Perché qualcosa di omerico c’è stato nella lunga battaglia che ha coinvolto da una parte i governi della Grecia, in questi ultimi cinque anni, e quello attuale di Alexis Tsipras, in questi ultimi cinque mesi. Sempre che non si voglia risalire più lontano, a quando nel 1981 la Grecia fece il suo ingresso nell’Unione Europea, reduce dalla dittatura dei colonnelli, per poi entrare nell’euro nel 2002.

Molto si è parlato in questi giorni di una possibile fuoruscita della Grecia dall’euro, se non addirittura dall’Unione Europea; nessun accenno ad una sua eventuale fuoruscita dalla NATO (la Grecia vi era entrata fin dal 1952, insieme con la Turchia), come forse ha pensato qualcuno in segreto di fronte alle recenti intese da Tsipras cercate, ma solo in parte trovate, con la Russia di Putin.

Abbiamo visto, schierati a battaglia, da una parte la Grecia e dall’altra la Troika (Commissione europea, Banca centrale europea e Fondo mondiale internazionale), un po’ ipocritamente ribattezzata ‘Istituzioni’: negoziati tirati in lungo per cinque mesi dal nuovo governo greco, nato dalle elezioni del gennaio 2015, con i suoi creditori decisi a rientrare dei loro prestiti prima di proseguire nel sostegno della Grecia, indebitatasi sempre di più anche grazie alla cura di austerità da cavallo, imposta soprattutto dalla Germania.

Da una parte e dall’altra una spirale di errori e una condivisione di responsabilità che, esercitate in positivo, avrebbero aiutato la Grecia a trovare il cammino verso la ripresa economica e i creditori a ritrovare qualcosa dei crediti concessi.

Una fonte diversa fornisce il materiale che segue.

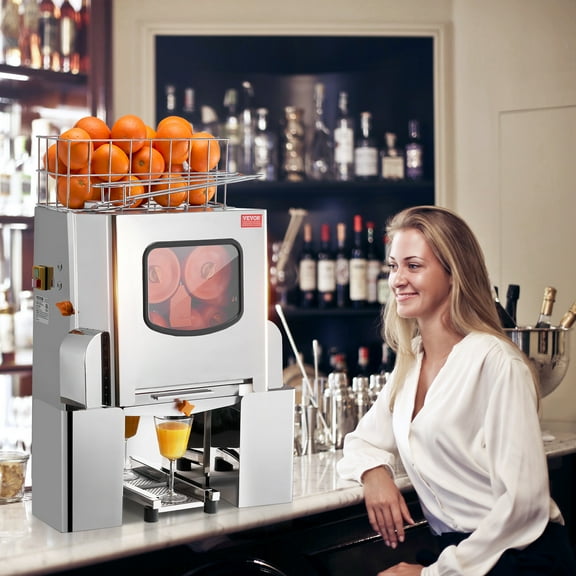 KFFKFF Commercial Orange Juicer Machine 120W Stainless Steel Squeezer Extractor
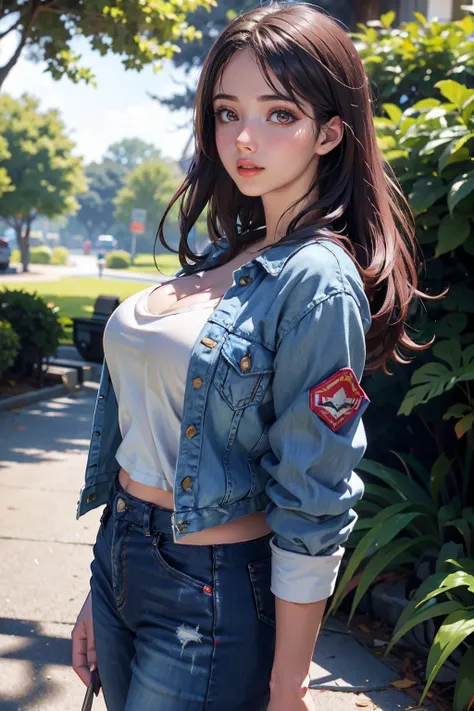 a woman wearing denim jacket and cargo pants, park, (bounced lighting:0.5) <lora:fic-zoe:1>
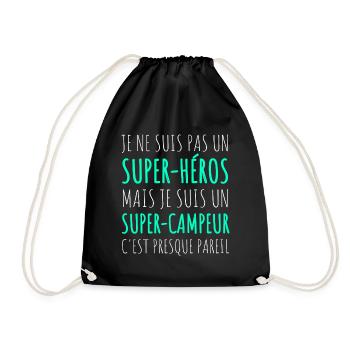 Super campeur super-héros humour camping cadeau - Sac de sport léger - noir - Devant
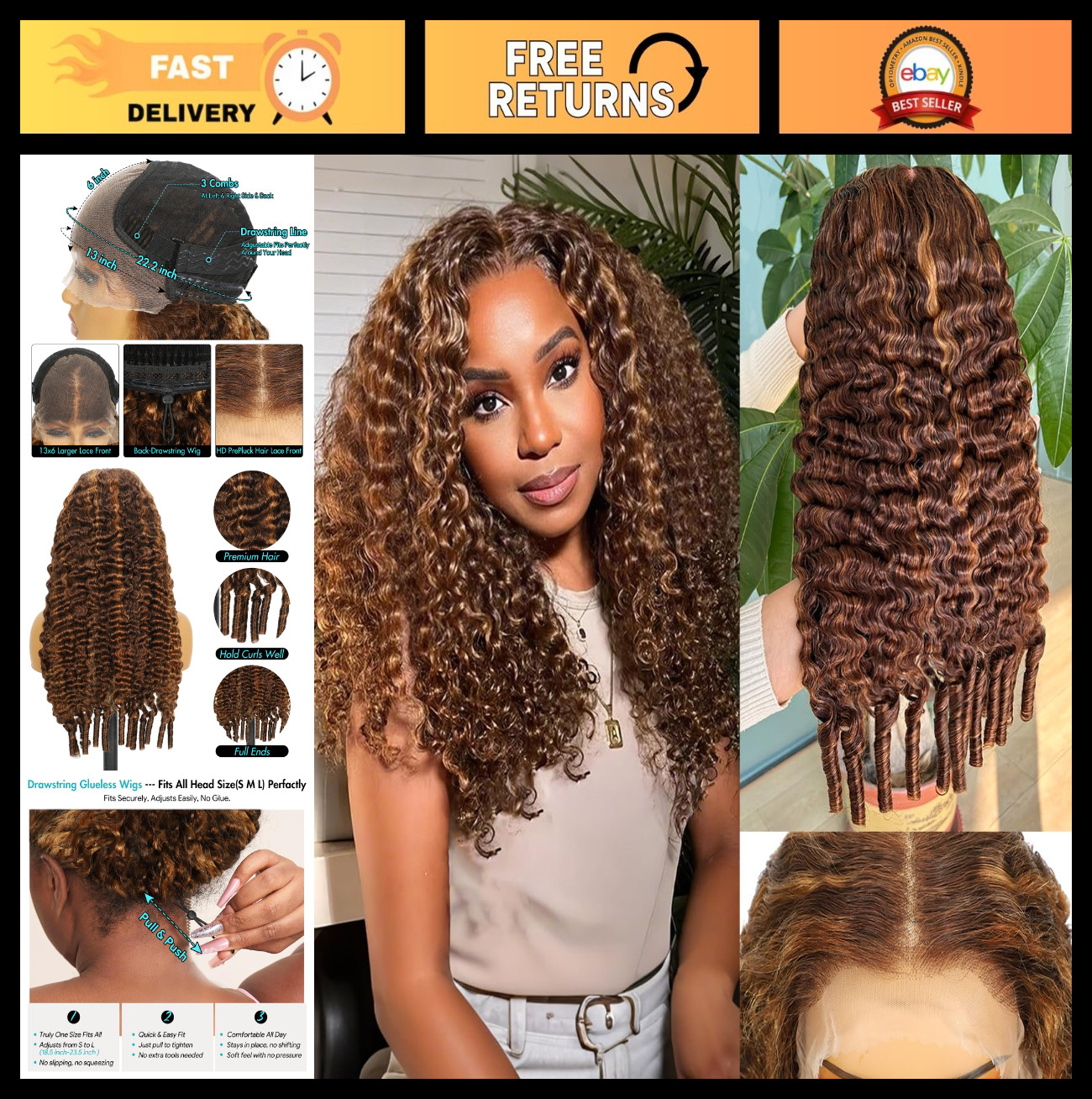 24″ Honey Blonde Curly Drawstring Wig – 250 Density, HD Lace Front, Ombre, Pre-P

Purtroppo oggi il risultato è di tutt’altro segno: la Grecia affondata nella crisi e i creditori con poche speranze di recuperare i loro crediti. E di qui adesso bisognerà ripartire: rinunciare, almeno parzialmente, da parte dei creditori a portare a casa, alle scadenze previste, tutti i crediti concessi – in gergo si chiama “ristrutturare” il debito – e consentire alla Grecia di riprendere il cammino della crescita e ritrovare una speranza in seno all’eurozona e all’Unione Europea. Una soluzione che si sarebbe potuta a minor costo trovare prima, considerato che la Grecia rappresenta appena il 2% della ricchezza complessiva europea e, dopo tutti questi anni di logoranti battaglie, anche di meno. Adesso però è inutile piangere sul latte versato, ma non è inutile cercare di capire quello che è avvenuto per fare meglio in futuro, anche se fare peggio è difficile.

E qui ritorna il mito della guerra di Troia, delle tante vittime cadute nei due campi, di Ulisse che riparte alla ricerca della sua casa e delle sue origini, dopo aver vinto la battaglia finale grazie allo stratagemma del cavallo introdotto nottetempo nella città assediata. Fuor di metafora: la contesa si è conclusa, la battaglia con i greci è provvisoriamente finita, l’Europa ha dentro le sue mura un cavallo di Troia  pieno zeppo di problemi da affrontare, primo tra questi la convivenza tra le deboli democrazie nazionali e il potere delle Istituzioni internazionali. Adesso a tutti noi tocca, come a Ulisse, ritrovare la strada di casa, le origini della nostra cultura e quelle del progetto europeo, superare mille ostacoli e inganni e tornare a Itaca, a eliminare i Proci che vi si erano infiltrati, in una parola a mettere ordine nella nostra casa comune.

Per ricostruire la casa dell’Unione Europea.